Attorney General Mark Dreyfus and Foreign Minister Penny Wong responded to the British government’s decision by saying Assange’s “case has dragged on for too long and … should be brought to a close.”

The two men stated they would not cease to voice their opinion to the U.K. or U.S. governments. However, their joint statement was short of calling on the United States to abandon the case.

Learn more U.K. Approves Julian Assange’s Extradition to the U.S.

Stella Assange is among the Assange supporters who call for intervention by Australia’s government.

“The Australian government can and should be speaking to its closest ally to bring this matter to a close,” she told Australian Broadcasting Corp.

Bob Carr, who was foreign minister when Albanese’s center-left Labor Party was last in power in 2012 and 2013, wrote in an opinion piece in The Sydney Morning Herald on Monday that an Australian request to drop Assange’s prosecution was “small change” in Australia’s defense alliance with the United States.

American prosecutors allege that Assange helped Chelsea Manning, U.S. Army intelligence analyst Chelsea Manning to steal classified diplomatic files and military documents.
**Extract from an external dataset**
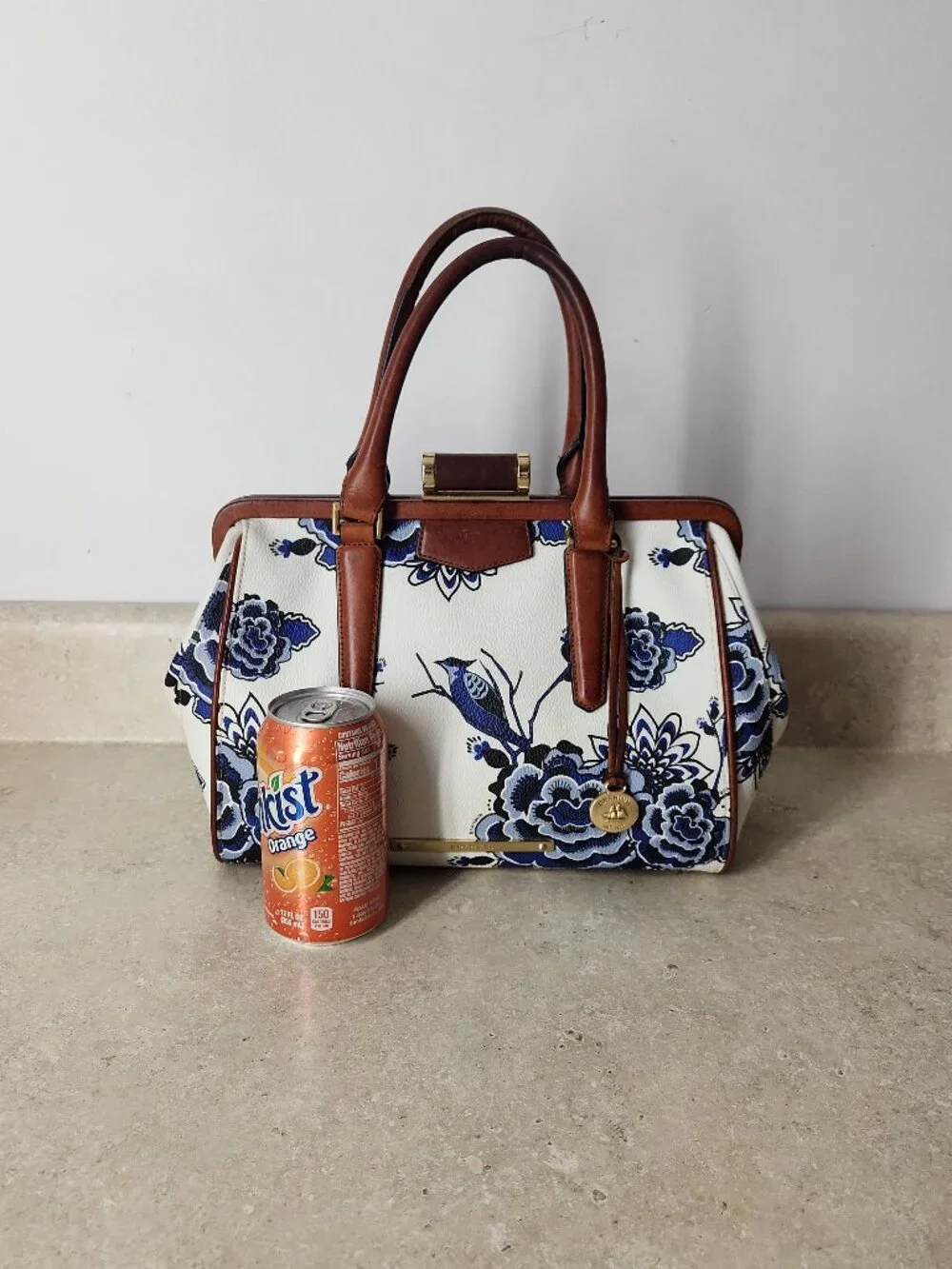 Brahmin Frame Satchel Blue Delft floral birds print hand bag classic rare - Picture 3 of 16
WikiLeaks published them later, placing lives in danger.

Carr noted that Manning’s sentence was commuted in 2017.

“It looks like one rule for Americans, another for citizens of its ally,” Carr wrote.

Carr told AuBC that Assange going on trial in the United States would “ignite anti-Americanism in Australia in a way we haven’t seen.”

He said hostility to the Australian-American alliance wasn’t “in the interests of either country.”

Assange’s lawyers plan to appeal, extending the process by months or even years.

Stella Assange was his wife. Stella said her husband was facing charges for reporting war crimes on the power and other abuses.